The second stage of the discovery process is the understanding of industry strengths. All industries have unique strengths that, if exploited, can drive business breakthroughs to beat the competition. The unique industry strengths, distilled to their essence, are summarized here:

• For retail, it is clear that the overarching strength of the industry is to acquire, retain, and optimize customers. Marketing’s customer analytics are woven into this strength.

• For banking, the unique industry strength is understanding and minimizing risk. As mentioned earlier, the industry needed to clean up its lending practices for its very survival. Risk assessment has always been a core element of the industry, but it needed to get a lot better to reduce loan defaults without crimping the volume of loans. This became an industry imperative that necessitated the refinement of the industry strength.

• For political campaigns, it is the laser focus on finding, energizing, and persuading voters. This strength was made more powerful through data-driven innovations.

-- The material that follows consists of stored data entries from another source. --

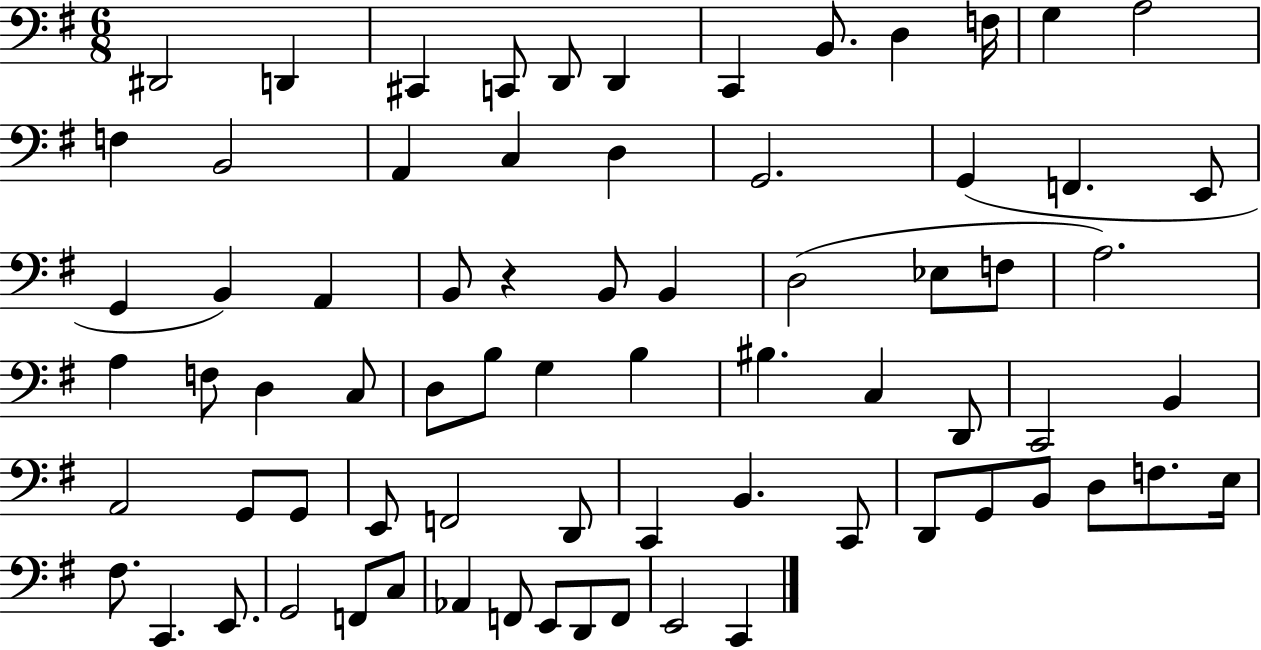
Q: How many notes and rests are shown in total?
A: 73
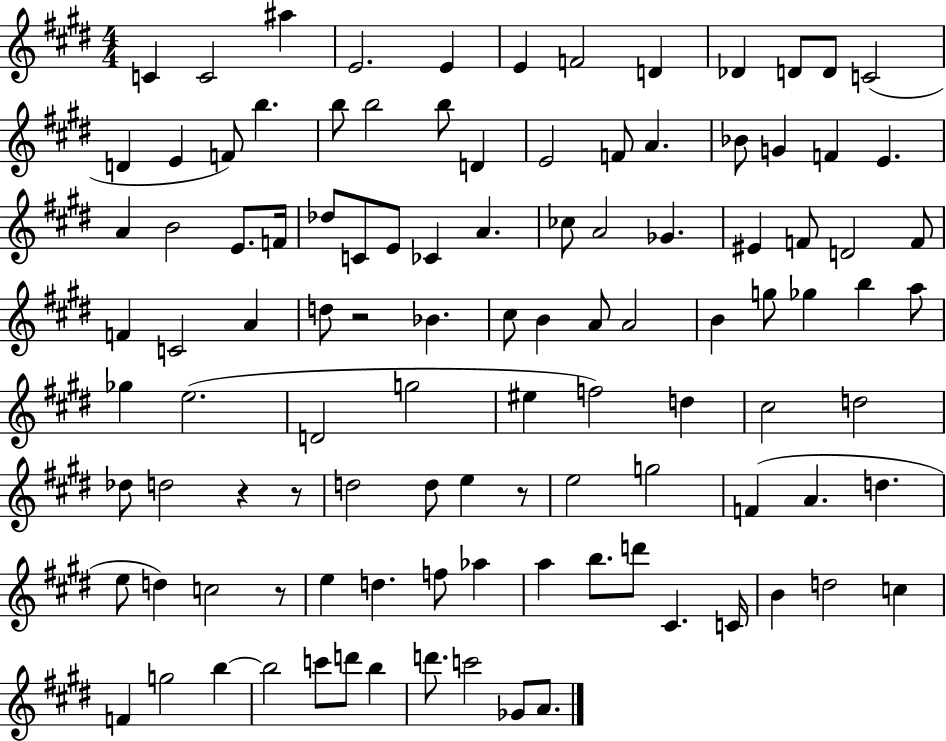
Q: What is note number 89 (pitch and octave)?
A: B4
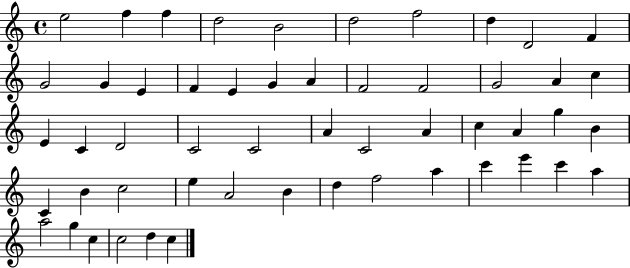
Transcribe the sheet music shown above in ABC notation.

X:1
T:Untitled
M:4/4
L:1/4
K:C
e2 f f d2 B2 d2 f2 d D2 F G2 G E F E G A F2 F2 G2 A c E C D2 C2 C2 A C2 A c A g B C B c2 e A2 B d f2 a c' e' c' a a2 g c c2 d c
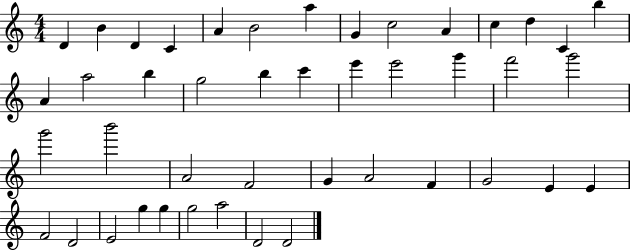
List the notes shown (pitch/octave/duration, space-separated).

D4/q B4/q D4/q C4/q A4/q B4/h A5/q G4/q C5/h A4/q C5/q D5/q C4/q B5/q A4/q A5/h B5/q G5/h B5/q C6/q E6/q E6/h G6/q F6/h G6/h G6/h B6/h A4/h F4/h G4/q A4/h F4/q G4/h E4/q E4/q F4/h D4/h E4/h G5/q G5/q G5/h A5/h D4/h D4/h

• For sports, it is its ability to engage fans through the full transparency of detailed performance data on its athletes and teams. Athletes are acquired, fired, and improved based on the data. The paradox for healthcare is that sports fans know much more about the athletes who entertain them than patients do about the doctors who make life-and-death decisions about them.

Analytics Sweet Spots

The third stage of the discovery process is identifying the analytics sweet spots that correspond to the industry strengths. The concept of a sweet spot comes from sports. It is the place where a combination of factors results in the maximum impact achieved relative to a given amount of effort. In baseball, for example, it is that place on the bat that produces the most powerful hit. The analogue in analytics is a solution that provides the most power to make the industry strength as successful as possible. In the case of banking, the analytics sweet spot, matched to the industry strength, is a refined FICO score that assesses the capability of a borrower to fulfill promises to repay a loan.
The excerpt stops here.